*GIVEN DATA*
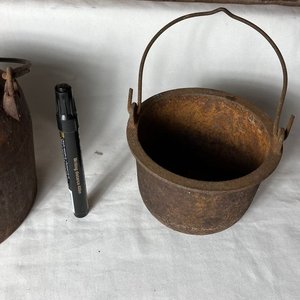 Antiguo Colero de Hierro con Asa - imagen 8
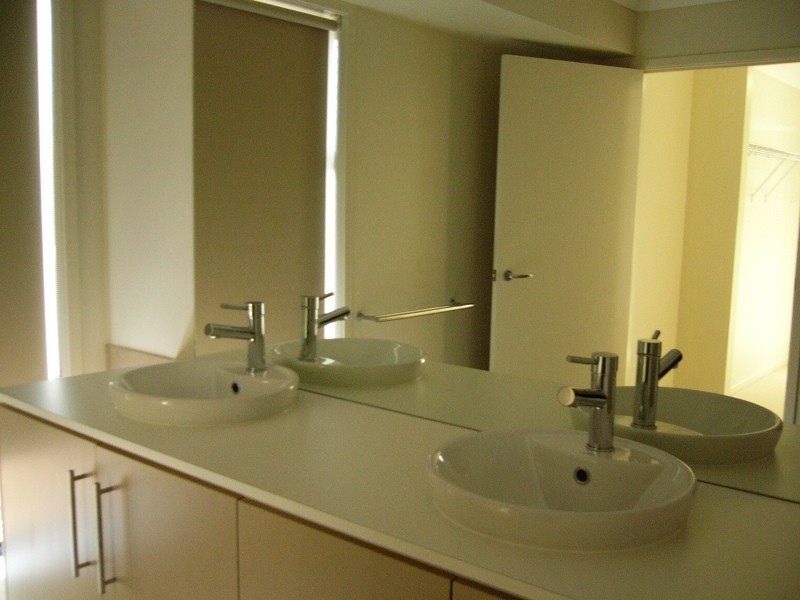 11 William Drysdale Court, Redbank Plains QLD 4301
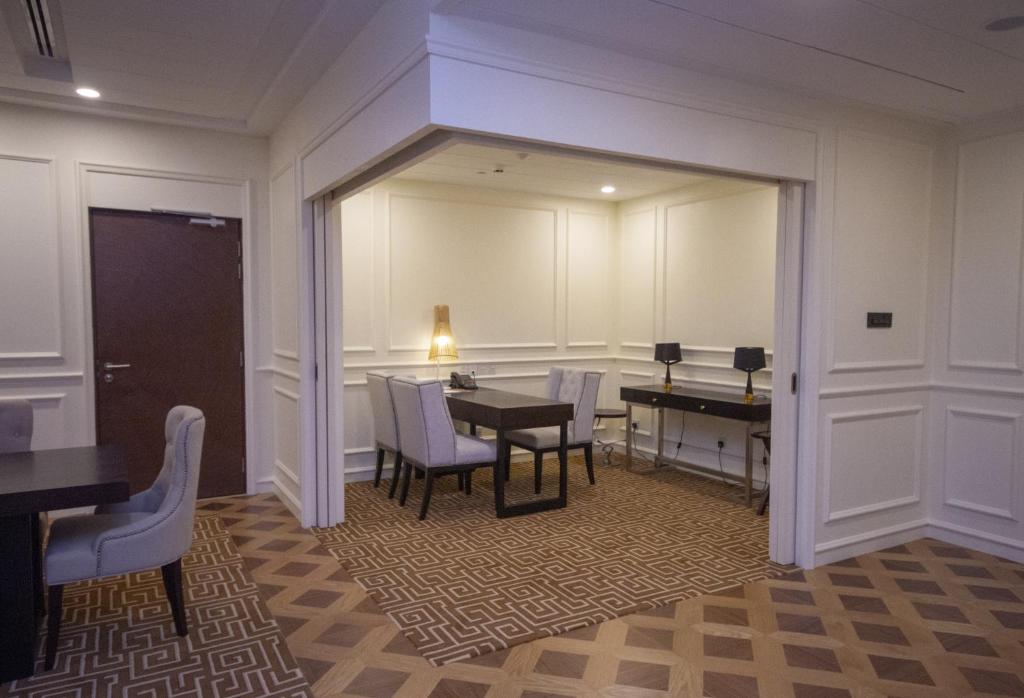 Сьюит (Люкс с 2 спальнями), Movenpick Hotel & Convention Centre KLIA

*YOUR GOAL*
Please provide a faithful transcription of all the data, pictures excluded.

*TASK RESPONSE*
 Antiguo Colero de Hierro con Asa - imagen 8
 11 William Drysdale Court, Redbank Plains QLD 4301
 Сьюит (Люкс с 2 спальнями), Movenpick Hotel & Convention Centre KLIA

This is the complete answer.